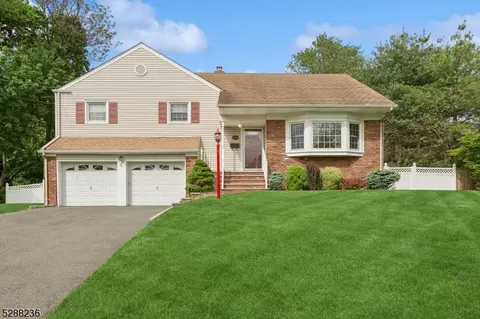 1210 Lawrence Ave, Mountainside, NJ 07092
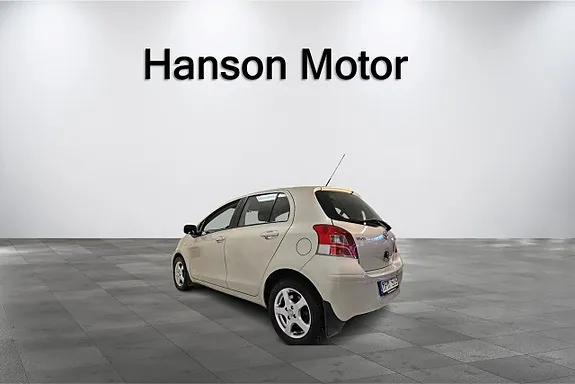 Toyota Yaris 2010 photo 2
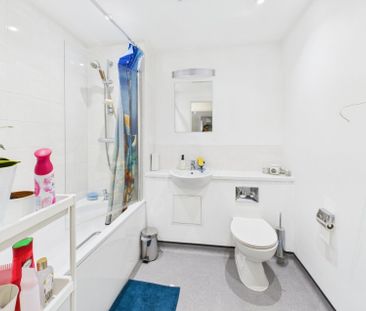 Peel Close, Tatling End, Gerrards Cross,SL9 - Photo 6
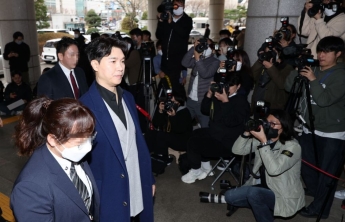"비열하다" 박수홍, 친형 재판서 '전 연인' 거론에 분노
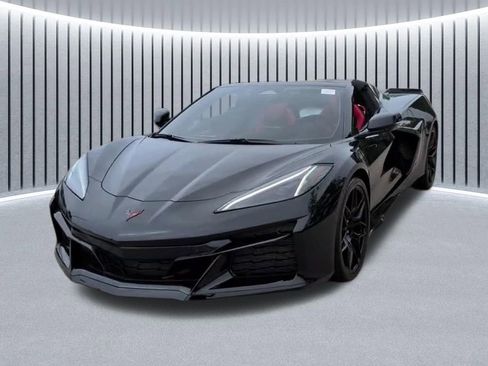Used 2024 Chevrolet Corvette Z06 RWD image 4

☆ ☆ ☆ ☆ ☆

» **WHAT TO PRODUCE**
For each entry, repeat its text exactly and leave out any picture it holds.

» **TASK RESPONSE**
 1210 Lawrence Ave, Mountainside, NJ 07092
 Toyota Yaris 2010 photo 2
 Peel Close, Tatling End, Gerrards Cross,SL9 - Photo 6
"비열하다" 박수홍, 친형 재판서 '전 연인' 거론에 분노
Used 2024 Chevrolet Corvette Z06 RWD image 4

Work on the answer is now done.